When gamma increases, development influence decreases more rapidly with distance. Size is half the size of the moving window. When gamma is low, local development influences more distant places. We compute development pressure for development in 1992 for Potential model to estimate how much development pressure influenced new development between 1992 and 2011. Then, we compute it also for 2011 for future projections.
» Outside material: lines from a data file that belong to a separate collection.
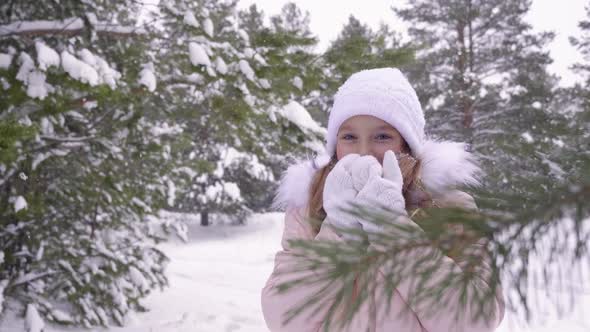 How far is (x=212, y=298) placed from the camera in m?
7.59

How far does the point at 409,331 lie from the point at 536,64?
1554cm

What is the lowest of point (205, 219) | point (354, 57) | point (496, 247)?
point (205, 219)

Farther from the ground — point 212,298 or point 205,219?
point 205,219

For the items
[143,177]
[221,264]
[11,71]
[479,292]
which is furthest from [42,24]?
[221,264]

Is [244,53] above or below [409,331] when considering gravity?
above

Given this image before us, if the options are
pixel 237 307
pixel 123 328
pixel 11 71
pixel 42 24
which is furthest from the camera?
pixel 237 307

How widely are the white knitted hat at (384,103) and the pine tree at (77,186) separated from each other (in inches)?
97.9

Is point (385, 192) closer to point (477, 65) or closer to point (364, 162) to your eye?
point (364, 162)

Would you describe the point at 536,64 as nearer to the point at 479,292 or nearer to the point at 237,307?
the point at 237,307

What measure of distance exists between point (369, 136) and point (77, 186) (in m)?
4.50

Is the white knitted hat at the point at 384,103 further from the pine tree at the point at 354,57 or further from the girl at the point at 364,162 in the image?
the pine tree at the point at 354,57

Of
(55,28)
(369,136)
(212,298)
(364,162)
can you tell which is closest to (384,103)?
(369,136)

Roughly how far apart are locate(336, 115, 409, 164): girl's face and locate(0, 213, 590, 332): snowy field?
0.95 m

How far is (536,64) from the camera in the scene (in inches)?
578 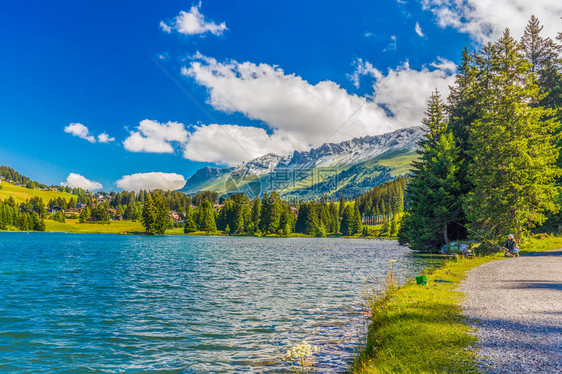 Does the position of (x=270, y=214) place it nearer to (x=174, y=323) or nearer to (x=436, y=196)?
(x=436, y=196)

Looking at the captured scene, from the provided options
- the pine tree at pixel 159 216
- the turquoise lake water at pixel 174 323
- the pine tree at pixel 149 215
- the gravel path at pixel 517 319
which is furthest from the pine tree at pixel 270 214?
the gravel path at pixel 517 319

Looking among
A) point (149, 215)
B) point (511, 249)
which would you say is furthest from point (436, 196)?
point (149, 215)

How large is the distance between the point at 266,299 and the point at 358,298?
6.38 metres

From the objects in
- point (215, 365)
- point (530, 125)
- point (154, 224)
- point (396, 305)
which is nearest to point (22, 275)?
point (215, 365)

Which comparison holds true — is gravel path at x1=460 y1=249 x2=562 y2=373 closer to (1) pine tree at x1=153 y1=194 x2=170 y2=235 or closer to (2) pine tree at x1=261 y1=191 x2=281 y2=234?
(2) pine tree at x1=261 y1=191 x2=281 y2=234

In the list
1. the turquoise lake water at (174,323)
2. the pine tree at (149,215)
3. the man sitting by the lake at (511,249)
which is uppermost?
the pine tree at (149,215)

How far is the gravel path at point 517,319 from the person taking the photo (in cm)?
837

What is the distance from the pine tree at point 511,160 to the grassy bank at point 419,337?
28584mm

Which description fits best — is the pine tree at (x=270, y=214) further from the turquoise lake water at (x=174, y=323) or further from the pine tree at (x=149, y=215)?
the turquoise lake water at (x=174, y=323)

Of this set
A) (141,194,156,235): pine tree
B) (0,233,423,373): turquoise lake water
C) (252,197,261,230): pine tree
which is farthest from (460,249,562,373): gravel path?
(252,197,261,230): pine tree

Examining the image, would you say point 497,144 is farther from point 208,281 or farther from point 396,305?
point 208,281

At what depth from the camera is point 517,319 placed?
1209cm

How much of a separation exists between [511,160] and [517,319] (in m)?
35.2

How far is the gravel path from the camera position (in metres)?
8.37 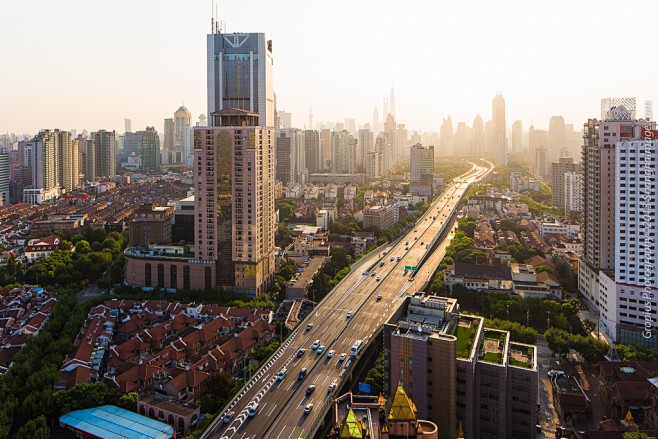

r.futures.devpressure -n input=urban_1992 output=devpressure_0_5_92 method=gravity size=30 gamma=0.5 scaling_factor=0.1
r.futures.devpressure -n input=urban_2011 output=devpressure_0_5 method=gravity size=30 gamma=0.5 scaling_factor=0.1

Rescaling variables

First we will look at the ranges of our predictor variables by running a short Python code snippet in GUI Python shell (right click and select Paste Plus):

for name in ['slope', 'dist_to_water', 'dist_to_protected',
             'forest_smooth', 'forest_1992_smooth', 'travel_time_cities',
             'road_dens', 'dist_interchanges', 'devpressure_0_5_92', 'devpressure_0_5']:
    minmax = grass.raster_info(name)
    print name, minmax['min'], minmax['max']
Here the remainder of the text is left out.